Depuis maintenant plus d'une semaine je mène en collaboration avec le numéro vert de la Région wallonne une vaste campagne
de sensibilisation sur la Consommation.
« Demandez à Raymond »- tel est le nom de cette campagne - aborde sous forme de prospectus, d'affiches et de spots radio,
la présentation de services ou projets tels que les services de médiation de dettes, les Ecoles de Consommateurs et le
Prêt 5 sur 5.
Cette campagne devrait permettre au public concerné par cette problématique d'avoir une meilleure perception des outils et
services présents sur le terrain.
Lors d'une de vos précédentes interpellations sur le sujet je vous apportais déjà une série d'informations quantitatives et
qualitatives sur les Ecoles de Consommateurs.
Je vous signalais entre autres à cette occasion que l'Ecole de Consommateurs est un dispositif qui fonctionne sur la
participation libre des usagers, sans obligation contraignante aucune.
Néanmoins, il est demandé aux usagers de s'engager dans le groupe qu'ils rejoignent car les réflexions collectives et
les actions développées reposent sur un vécu de groupe.
Il ne peut donc y avoir obligation de participation.
La personne contrainte risque même d'handicaper l'animation et de ne pas permettre l'expression, dans un climat serein,
des avis et suggestions des autres participants.

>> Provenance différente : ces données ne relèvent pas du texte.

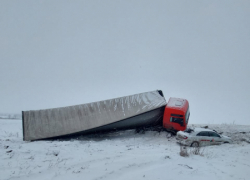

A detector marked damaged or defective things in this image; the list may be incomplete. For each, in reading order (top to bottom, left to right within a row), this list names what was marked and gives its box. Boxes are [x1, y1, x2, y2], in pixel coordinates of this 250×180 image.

overturned semi-truck [22, 90, 189, 141]
crushed vehicle [22, 90, 189, 141]
crushed vehicle [176, 127, 232, 147]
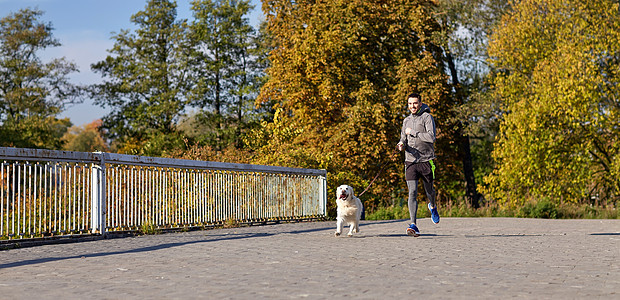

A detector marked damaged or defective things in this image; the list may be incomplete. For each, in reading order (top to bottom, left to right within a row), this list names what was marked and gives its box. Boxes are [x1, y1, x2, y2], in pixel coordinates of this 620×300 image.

rusty metal fence [0, 146, 326, 240]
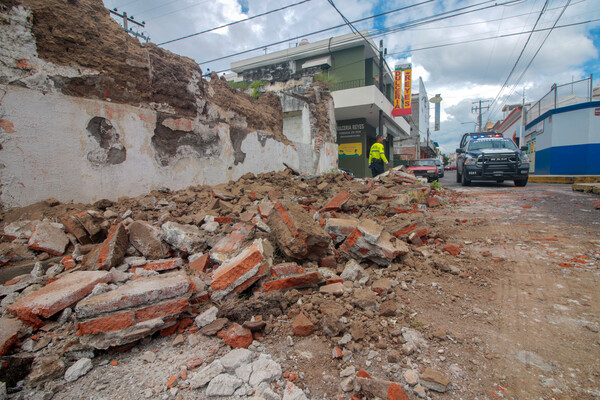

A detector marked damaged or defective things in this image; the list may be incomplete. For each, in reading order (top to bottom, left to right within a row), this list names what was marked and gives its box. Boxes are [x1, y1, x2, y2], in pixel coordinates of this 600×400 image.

damaged wall [0, 0, 338, 209]
broken brick [7, 268, 111, 328]
broken brick [290, 312, 314, 338]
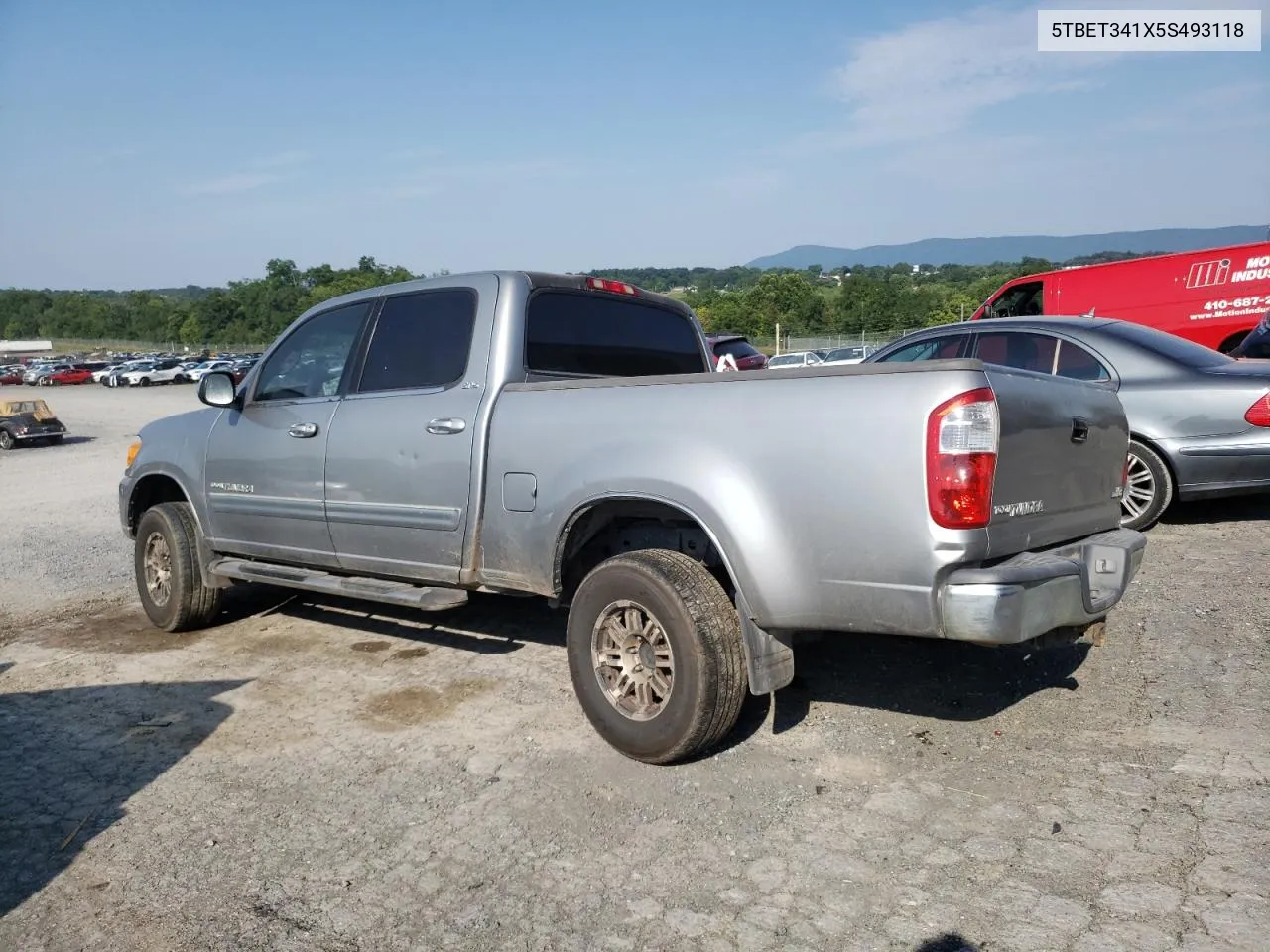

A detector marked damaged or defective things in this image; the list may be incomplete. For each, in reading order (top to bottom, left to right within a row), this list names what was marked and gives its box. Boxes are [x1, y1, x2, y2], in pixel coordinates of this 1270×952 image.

cracked concrete pavement [0, 386, 1264, 949]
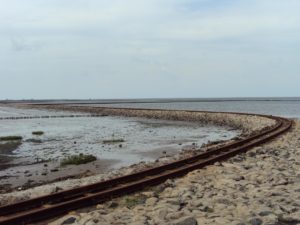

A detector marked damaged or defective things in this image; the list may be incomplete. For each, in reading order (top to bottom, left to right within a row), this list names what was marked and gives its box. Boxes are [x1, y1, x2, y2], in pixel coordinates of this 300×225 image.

rusty rail [0, 108, 292, 223]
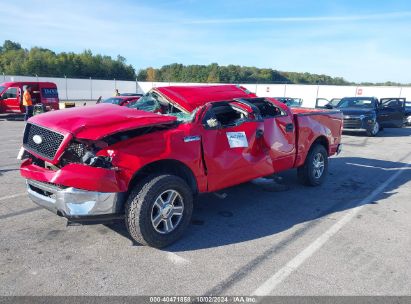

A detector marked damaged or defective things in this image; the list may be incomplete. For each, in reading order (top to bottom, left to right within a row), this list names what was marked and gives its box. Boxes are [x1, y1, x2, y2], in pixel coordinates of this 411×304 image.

damaged hood [29, 103, 177, 139]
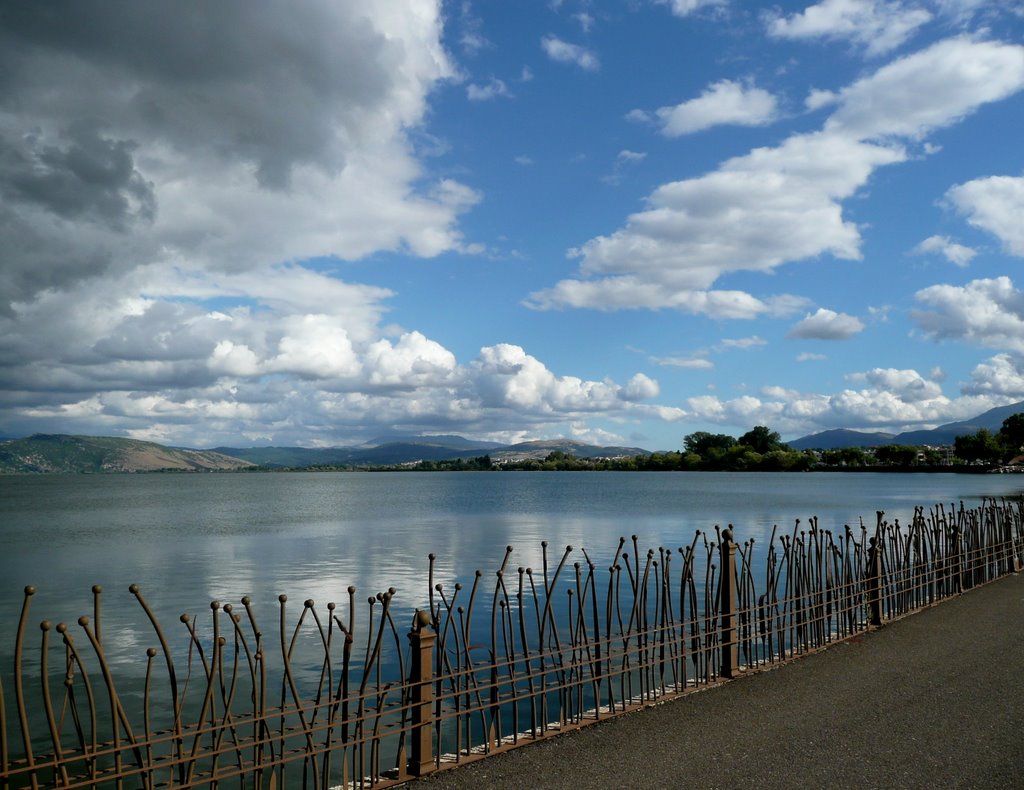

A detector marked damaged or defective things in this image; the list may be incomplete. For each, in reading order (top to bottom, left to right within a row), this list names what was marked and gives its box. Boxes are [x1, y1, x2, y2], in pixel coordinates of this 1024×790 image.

rusty iron fence [2, 497, 1024, 786]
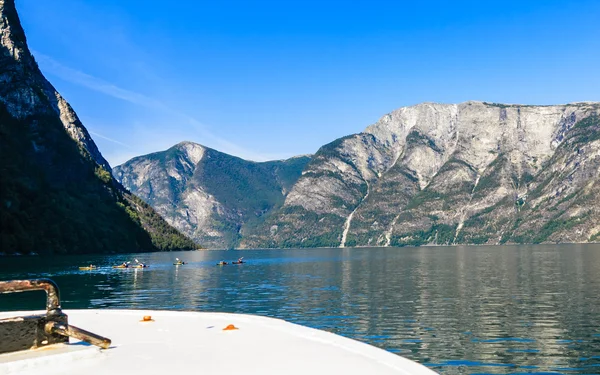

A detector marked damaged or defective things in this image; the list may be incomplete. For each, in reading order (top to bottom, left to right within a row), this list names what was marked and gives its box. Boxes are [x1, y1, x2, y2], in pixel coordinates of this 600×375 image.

rusty metal bracket [0, 280, 111, 356]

Je vous signalais également que les Centres de Référence en médiation de dettes, dans le cadre de leurs missions relatives
à l'organisation de la prévention du surendettement ont été chargés de l'encadrement des Ecoles de Consommateurs ce qui
englobait les aspects suivants
- accompagnement individuel de chaque école,
- stimulation et appui pour la construction de partenariats locaux autour de chaque école,
- contribution à l'évaluation du projet de chaque école au terme de l'année,
- contribution à la définition de l'avenir de l'Ecole de Consommateurs.
Vous mettez également en évidence dans votre question l'expérience pilote du prêt 5/5.

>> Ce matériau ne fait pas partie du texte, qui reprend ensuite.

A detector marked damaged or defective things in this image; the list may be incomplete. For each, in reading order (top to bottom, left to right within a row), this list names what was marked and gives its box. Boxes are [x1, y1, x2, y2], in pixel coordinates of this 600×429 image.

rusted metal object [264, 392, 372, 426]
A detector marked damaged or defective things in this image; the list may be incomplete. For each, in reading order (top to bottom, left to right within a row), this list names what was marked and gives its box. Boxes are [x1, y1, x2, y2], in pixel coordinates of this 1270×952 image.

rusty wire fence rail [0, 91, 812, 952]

Je suis tout comme vous persuadé que cette expérience doit être généralisée et qu'elle constitue pour un public fragile
financièrement une solution très intéressante pour éviter la spirale du surendettement tout en répondant à leurs besoins.
Pour conclure, les collaborations avec les autres niveaux de pouvoirs sur cette matière sont loin d'être évidentes.
En effet, le Fédéral mène sans aucun concertation des entités fédérées des actions dans cette matière.
Dans le meilleur des cas elles sont complémentaires, dans le pire des cas elles sont contradictoires avec les dispositifs
que je défends au niveau de la Région.